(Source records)
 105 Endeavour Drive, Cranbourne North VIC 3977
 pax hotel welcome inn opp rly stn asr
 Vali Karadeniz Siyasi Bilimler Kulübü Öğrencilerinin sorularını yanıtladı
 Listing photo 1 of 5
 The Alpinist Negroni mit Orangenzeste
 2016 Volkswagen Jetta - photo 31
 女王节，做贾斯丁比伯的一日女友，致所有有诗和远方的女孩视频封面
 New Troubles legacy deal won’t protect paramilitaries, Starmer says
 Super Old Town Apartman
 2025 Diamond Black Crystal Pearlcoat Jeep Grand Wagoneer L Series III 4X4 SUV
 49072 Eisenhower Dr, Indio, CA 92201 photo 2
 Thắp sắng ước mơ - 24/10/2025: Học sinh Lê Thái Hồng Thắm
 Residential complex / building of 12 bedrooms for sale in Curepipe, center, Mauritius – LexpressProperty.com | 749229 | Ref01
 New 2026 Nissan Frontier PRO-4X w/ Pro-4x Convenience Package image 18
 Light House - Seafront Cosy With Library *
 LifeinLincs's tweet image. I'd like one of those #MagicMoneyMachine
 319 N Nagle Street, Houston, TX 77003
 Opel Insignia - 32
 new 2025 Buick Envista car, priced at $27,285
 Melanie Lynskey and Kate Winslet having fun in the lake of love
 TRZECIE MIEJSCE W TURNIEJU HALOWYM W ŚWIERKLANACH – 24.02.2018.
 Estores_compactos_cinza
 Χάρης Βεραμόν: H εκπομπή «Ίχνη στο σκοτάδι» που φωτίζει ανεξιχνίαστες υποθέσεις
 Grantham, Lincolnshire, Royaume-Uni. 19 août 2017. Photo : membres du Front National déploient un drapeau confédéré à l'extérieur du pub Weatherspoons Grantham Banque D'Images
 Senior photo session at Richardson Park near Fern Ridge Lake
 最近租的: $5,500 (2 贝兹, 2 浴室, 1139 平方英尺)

THE TASK: The records above should be set down again word for word.

EXERCISE SOLUTION:
 105 Endeavour Drive, Cranbourne North VIC 3977
 pax hotel welcome inn opp rly stn asr
 Vali Karadeniz Siyasi Bilimler Kulübü Öğrencilerinin sorularını yanıtladı
 Listing photo 1 of 5
 The Alpinist Negroni mit Orangenzeste
 2016 Volkswagen Jetta - photo 31
 女王节，做贾斯丁比伯的一日女友，致所有有诗和远方的女孩视频封面
 New Troubles legacy deal won’t protect paramilitaries, Starmer says
 Super Old Town Apartman
 2025 Diamond Black Crystal Pearlcoat Jeep Grand Wagoneer L Series III 4X4 SUV
 49072 Eisenhower Dr, Indio, CA 92201 photo 2
 Thắp sắng ước mơ - 24/10/2025: Học sinh Lê Thái Hồng Thắm
 Residential complex / building of 12 bedrooms for sale in Curepipe, center, Mauritius – LexpressProperty.com | 749229 | Ref01
 New 2026 Nissan Frontier PRO-4X w/ Pro-4x Convenience Package image 18
 Light House - Seafront Cosy With Library *
 LifeinLincs's tweet image. I'd like one of those #MagicMoneyMachine
 319 N Nagle Street, Houston, TX 77003
 Opel Insignia - 32
 new 2025 Buick Envista car, priced at $27,285
 Melanie Lynskey and Kate Winslet having fun in the lake of love
 TRZECIE MIEJSCE W TURNIEJU HALOWYM W ŚWIERKLANACH – 24.02.2018.
 Estores_compactos_cinza
 Χάρης Βεραμόν: H εκπομπή «Ίχνη στο σκοτάδι» που φωτίζει ανεξιχνίαστες υποθέσεις
 Grantham, Lincolnshire, Royaume-Uni. 19 août 2017. Photo : membres du Front National déploient un drapeau confédéré à l'extérieur du pub Weatherspoons Grantham Banque D'Images
 Senior photo session at Richardson Park near Fern Ridge Lake
 最近租的: $5,500 (2 贝兹, 2 浴室, 1139 平方英尺)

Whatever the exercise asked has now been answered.